Tri dan Haposan keluar gedung KPK bersamaan setelah diperiksa hingga malam hari. Mereka meninggalkan gedung lembaga antikorupsi itu dengan menumpangi mobil yang sama.
Keduanya enggan berkomentar kepada wartawan terkait pemeriksaan yang dijalaninya selama kurang lebih delapan jam itu. Bahkan, mereka menutup wajahnya saat kamera wartawan terus menyorotnya.
Mereka bergegas masuk mobil Honda CRV warna hitam bernomor polisi B 1856 BJF. Tri duduk di belakang, sementara Haposan duduk di depan di samping supir. Mereka terus menutup mukanya.

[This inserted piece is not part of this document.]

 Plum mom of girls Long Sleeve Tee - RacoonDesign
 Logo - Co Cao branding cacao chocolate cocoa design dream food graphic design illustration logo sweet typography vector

Tri sempat mengeluarkan kata sesaat sebelum menutup kaca mobilnya. "Pusing, pusing," katanya sambil terus menutupi wajahnya, Kamus (18/12) malam.
KPK terus mendalami dugaan adanya penyimpangan yang dilakukan oleh PT Pertamina EP lantaran kejanggalan yang terjadi dalam proyek jual beli gas alam untuk pembangkit listrik di Gresik dan Bangkalan, Jawa Timur. Sebelumnya, Tri dan Haposan sempat mangkir dari pemanggilan pertama, Selasa (16/12) lalu.
Dua mantan petinggi anak perusahaan pertamina tersebut diperiksa sebagai saksi untuk Direktur PT Media Karya Sentosa, Antonio Bambang Djatmiko sebagai tersangka penyuap mantan Bupati Bangkalan, Fuad Amin Imron.
Gas yang disuplai dari Pertamina EP sampai saat ini belum jelas dan masih didalami penyidik terkait dugaan penyimpangan yang terjadi. KPK sejauh ini masih fokus terkait perkara yang menjerat tersangka dalam kasus jual beli gas alam ini. Tetapi, bukan tidak mungkin perkara ini akan berkembang sampai pada pihak-pihak yang terkait dalam pusaran kasus tersebut.
Dalam kasus ini, Antonio yang diduga sebagai pemberi hadiah dikenakan sangkaan Pasal 5 ayat 1 huruf a dan huruf b serta pasal 13 junto pasal 55 ayat 1 ke-1 KUHP. Sementara terhadap Fuad Amin yang diduga sebagai penerima dikenakan sangkaan pasal 12 huruf a dan b, pasal 5 ayat 2, pasal 11 junto pasal 55 ayat 1 ke-1 KUHP.